I moved to the SF Bay area from NYC 4 years ago and I routinely tell my friends that you need to watch out for human, not animal, feces on the street.

It's really sad to see people who are employed that are still homeless and have to deal with mental issues :(

Reading from HN, half of Americans are either in jail or homeless dealing with mental issues. Are there proper statistics to get a better assessment of the situation?
"If all prisoners are counted (including those juvenile, territorial, U.S. Immigration and Customs Enforcement (ICE) (immigration detention), Indian country, and military), then in 2008 the United States had around 24.7% of the world's 9.8 million prisoners."

--https://en.wikipedia.org/wiki/United_States_incarceration_ra...

The list of countries by incarceration rate is at https://en.wikipedia.org/wiki/List_of_countries_by_incarcera....

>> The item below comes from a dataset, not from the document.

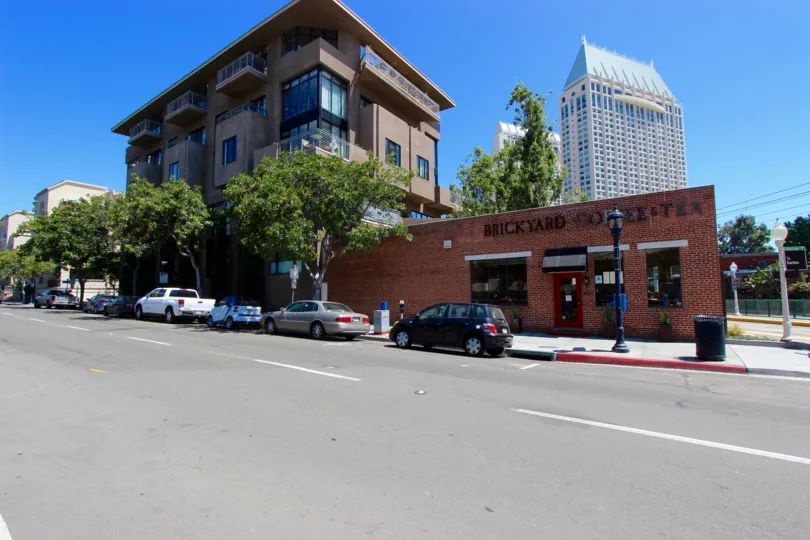 Red brick building next to a street at Brickyard in Downtown San Diego CA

About 5% of people in the US go to prison at some point, 9% for males, 16% for Hispanic males, and 29% for black males. https://bjs.ojp.gov/content/pub/pdf/Llgsfp.pdf

"About one-quarter of U.S. adults report having a mental health diagnosis such as anxiety or depression or experiencing emotional distress. This is one of the highest rates among 11 high-income countries. ... The United States has some of the worst mental health–related outcomes, including the highest suicide rate and second-highest drug-related death rate."

--https://www.commonwealthfund.org/publications/issue-briefs/2...

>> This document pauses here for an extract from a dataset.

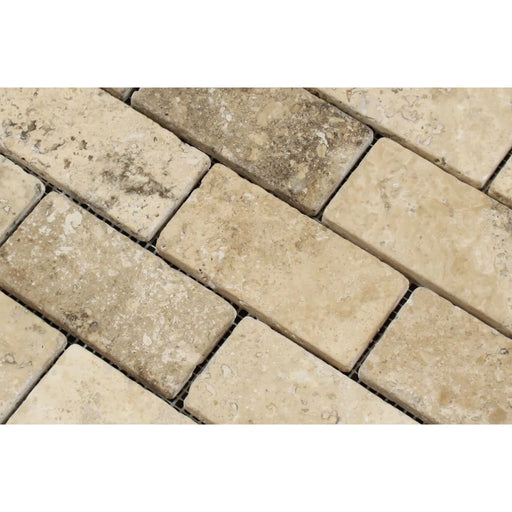 Detailed view of tumbled finish on 2x4 travertine brick mosaic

And of course, "Approximately 80 percent of the global opioid supply is consumed in the United States".

-- https://www.cnbc.com/2016/04/27/americans-consume-almost-all...

https://www.usich.gov/homelessness-statistics/ca/

The Federal Government estimates that about 0.4% of Californians were homeless in 2020. From what I've seen on the streets the numbers are probably a little worse now.

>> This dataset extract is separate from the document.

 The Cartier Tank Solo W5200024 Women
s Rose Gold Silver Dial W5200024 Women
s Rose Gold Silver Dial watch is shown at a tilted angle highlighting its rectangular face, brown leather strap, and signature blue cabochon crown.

By comparison, France has 300 000 homeless persons [1], which is about 0.44%. It doesn't seem to be as big an issue here compared to California. Maybe homeless people are more concentrated in SF which makes the problem appear worse than in other countries?

[1] https://www.lemonde.fr/societe/article/2020/11/15/la-fondati...

LA county alone has like 100 thousand homeless people. That's the population of Burbank California.
No, it’s actually crazier in a sense. The contrast between the populations, the “virtual fences” created across main streets where you have chaos in one side and first rate everything on the other, seeing all the crazy on the backdrop of Twitter and Uber buildings and ultimately recognizing the futility of a place so rich destroying itself like a misdirected, spoiled trust fund brat. It’s the city that had everything going for it other than a common sense. I love SF but get it the fuck together.

The article touches on why that won’t happen though. Voter demographics won’t allow that. It’s either radical and young liberals which would go for every insane policy or the old and entrenched.

> The contrast between the populations, the “virtual fences” created across main streets where you have chaos in one side and first rate everything on the other

San Francisco was this way since forever. The poor have been systematically corralled into the Tenderloin for over 100 years. The divisions between neighborhoods elsewhere were why San Francisco was always considered so "charming"--you could cross the street and enter an entirely different world.

Setting aside the tremendous increase in drug abuse and homelessness, it's the tearing down of those virtual fences, especially around the Tenderloin, that is really causing people to freak out. It's just that their freak outs are coded in the language of social activism. Excepting the Tenderloin, every other part of San Francisco has become systematically homogenized, not to mention seen increased wealth.

Or any other place with an extreme wealth gradient.